Op 6 mei 2022 heeft verzoeker een verzoekschrift ingediend op basis van artikel 284 van de Faillissementswet (Fw), waarin hij verzoekt om een voorlopige voorziening ex artikel 287b, eerste lid, Fw. De rechtbank heeft de behandeling van dit verzoek bepaald op 23 mei 2022. Tijdens deze zitting zijn verschillende partijen gehoord, waaronder de advocaat van verzoeker, mr. D.A. IJppelaar, en vertegenwoordigers van de verweerster, Stichting Havensteder. Verzoeker vraagt om een voorlopige voorziening die hem verbiedt om zijn woning te ontruimen, in afwachting van een beslissing op zijn verzoek tot schuldsanering.
De rechtbank heeft vastgesteld dat het verzoek ex artikel 287b Fw moet worden beschouwd als een verzoek ex artikel 287 lid 4 Fw, aangezien het minnelijk traject al is doorlopen. De rechtbank heeft de spoedeisendheid van het verzoek erkend, omdat verzoeker een vonnis heeft overgelegd dat ontruiming van zijn woning betreft. De rechtbank heeft een belangenafweging gemaakt tussen de belangen van verzoeker, die in zijn woning wil blijven wonen, en de belangen van verweerster, die het vonnis tot ontruiming wil uitvoeren. De rechtbank concludeert dat het belang van verzoeker zwaarder weegt, vooral omdat hij binnenkort weer een uitkering zal ontvangen.
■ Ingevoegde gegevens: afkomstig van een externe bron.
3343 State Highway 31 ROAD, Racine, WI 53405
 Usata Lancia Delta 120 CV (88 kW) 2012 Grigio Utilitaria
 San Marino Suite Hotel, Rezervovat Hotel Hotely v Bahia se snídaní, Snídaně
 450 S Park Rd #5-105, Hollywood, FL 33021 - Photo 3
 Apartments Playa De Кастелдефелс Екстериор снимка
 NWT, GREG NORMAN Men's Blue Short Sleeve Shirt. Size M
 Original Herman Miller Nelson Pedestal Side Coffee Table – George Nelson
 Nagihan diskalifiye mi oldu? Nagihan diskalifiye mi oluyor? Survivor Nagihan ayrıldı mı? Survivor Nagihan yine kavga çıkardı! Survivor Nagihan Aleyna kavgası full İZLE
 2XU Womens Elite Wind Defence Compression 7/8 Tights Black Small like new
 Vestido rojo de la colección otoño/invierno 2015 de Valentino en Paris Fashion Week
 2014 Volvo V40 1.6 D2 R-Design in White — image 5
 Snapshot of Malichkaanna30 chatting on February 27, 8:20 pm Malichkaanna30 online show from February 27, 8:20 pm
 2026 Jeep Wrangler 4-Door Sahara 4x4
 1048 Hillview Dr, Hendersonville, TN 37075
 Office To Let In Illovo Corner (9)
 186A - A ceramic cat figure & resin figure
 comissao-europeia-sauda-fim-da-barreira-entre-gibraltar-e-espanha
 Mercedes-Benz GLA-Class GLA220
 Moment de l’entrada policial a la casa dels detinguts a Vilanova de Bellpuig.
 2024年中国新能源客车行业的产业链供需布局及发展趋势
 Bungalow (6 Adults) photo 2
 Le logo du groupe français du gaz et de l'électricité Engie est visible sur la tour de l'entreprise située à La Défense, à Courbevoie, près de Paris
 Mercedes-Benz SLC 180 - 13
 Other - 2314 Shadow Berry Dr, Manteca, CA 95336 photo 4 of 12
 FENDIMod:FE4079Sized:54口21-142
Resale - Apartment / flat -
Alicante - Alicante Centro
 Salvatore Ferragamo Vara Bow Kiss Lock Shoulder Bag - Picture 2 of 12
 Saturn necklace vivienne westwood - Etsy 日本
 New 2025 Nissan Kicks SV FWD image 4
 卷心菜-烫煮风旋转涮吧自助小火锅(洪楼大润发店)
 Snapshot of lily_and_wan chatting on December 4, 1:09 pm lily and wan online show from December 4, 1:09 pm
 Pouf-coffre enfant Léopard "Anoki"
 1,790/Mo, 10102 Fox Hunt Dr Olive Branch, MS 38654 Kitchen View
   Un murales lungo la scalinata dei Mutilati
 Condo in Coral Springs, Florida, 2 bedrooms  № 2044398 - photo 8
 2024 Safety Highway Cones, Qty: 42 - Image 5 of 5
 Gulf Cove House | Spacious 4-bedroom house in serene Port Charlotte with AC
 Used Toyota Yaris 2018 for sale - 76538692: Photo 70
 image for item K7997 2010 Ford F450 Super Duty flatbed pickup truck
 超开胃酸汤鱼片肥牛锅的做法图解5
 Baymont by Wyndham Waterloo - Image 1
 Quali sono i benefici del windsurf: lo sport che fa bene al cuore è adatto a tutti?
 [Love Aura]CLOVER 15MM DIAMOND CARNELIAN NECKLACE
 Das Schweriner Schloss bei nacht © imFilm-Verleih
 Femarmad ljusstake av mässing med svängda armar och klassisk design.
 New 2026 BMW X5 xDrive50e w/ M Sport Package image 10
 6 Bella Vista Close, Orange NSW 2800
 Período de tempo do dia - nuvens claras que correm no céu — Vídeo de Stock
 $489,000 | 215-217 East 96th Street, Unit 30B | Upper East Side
De rechtbank heeft daarom besloten om de verzochte voorlopige voorziening toe te wijzen, met de voorwaarde dat deze alleen geldt zolang verzoeker aan zijn lopende verplichtingen voldoet. De beslissing houdt in dat verweerster gedurende de looptijd van de voorziening niet mag overgaan tot ontruiming van de woning van verzoeker. De beschikking is op 7 juni 2022 gegeven door rechter W.J. Roos-van Toor, in aanwezigheid van griffier N.A. Masrom. Tegen deze uitspraak kan binnen drie maanden hoger beroep worden ingesteld.